# YOUR TASK
Please set down, exactly as written, the line containing "Ballroom E Youkoso: Chapter 44" and every line after it through the end of the records.

# RECORDS TO USE
--------------------------------------------------

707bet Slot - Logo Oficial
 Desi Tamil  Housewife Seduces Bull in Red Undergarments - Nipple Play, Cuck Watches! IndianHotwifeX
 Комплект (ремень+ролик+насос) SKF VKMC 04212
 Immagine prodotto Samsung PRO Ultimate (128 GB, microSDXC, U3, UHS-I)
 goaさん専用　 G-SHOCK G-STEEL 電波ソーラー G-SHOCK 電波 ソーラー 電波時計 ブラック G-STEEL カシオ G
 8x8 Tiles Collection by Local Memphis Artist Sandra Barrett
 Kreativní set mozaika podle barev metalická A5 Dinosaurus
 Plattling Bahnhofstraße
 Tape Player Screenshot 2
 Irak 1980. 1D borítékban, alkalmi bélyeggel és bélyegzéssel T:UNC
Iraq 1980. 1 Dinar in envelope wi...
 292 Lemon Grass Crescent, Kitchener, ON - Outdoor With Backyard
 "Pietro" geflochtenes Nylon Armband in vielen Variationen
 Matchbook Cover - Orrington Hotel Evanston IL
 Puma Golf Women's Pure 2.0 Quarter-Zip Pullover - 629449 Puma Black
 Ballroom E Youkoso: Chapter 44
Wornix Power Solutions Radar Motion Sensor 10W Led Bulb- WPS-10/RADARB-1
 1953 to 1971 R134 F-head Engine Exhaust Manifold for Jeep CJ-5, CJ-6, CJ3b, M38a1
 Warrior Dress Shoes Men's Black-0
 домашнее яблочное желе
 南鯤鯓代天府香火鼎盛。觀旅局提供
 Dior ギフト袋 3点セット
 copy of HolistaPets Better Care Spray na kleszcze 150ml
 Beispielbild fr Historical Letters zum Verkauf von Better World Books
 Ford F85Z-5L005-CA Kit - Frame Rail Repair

--------------------------------------------------

# ANSWER BOX
 Ballroom E Youkoso: Chapter 44
Wornix Power Solutions Radar Motion Sensor 10W Led Bulb- WPS-10/RADARB-1
 1953 to 1971 R134 F-head Engine Exhaust Manifold for Jeep CJ-5, CJ-6, CJ3b, M38a1
 Warrior Dress Shoes Men's Black-0
 домашнее яблочное желе
 南鯤鯓代天府香火鼎盛。觀旅局提供
 Dior ギフト袋 3点セット
 copy of HolistaPets Better Care Spray na kleszcze 150ml
 Beispielbild fr Historical Letters zum Verkauf von Better World Books
 Ford F85Z-5L005-CA Kit - Frame Rail Repair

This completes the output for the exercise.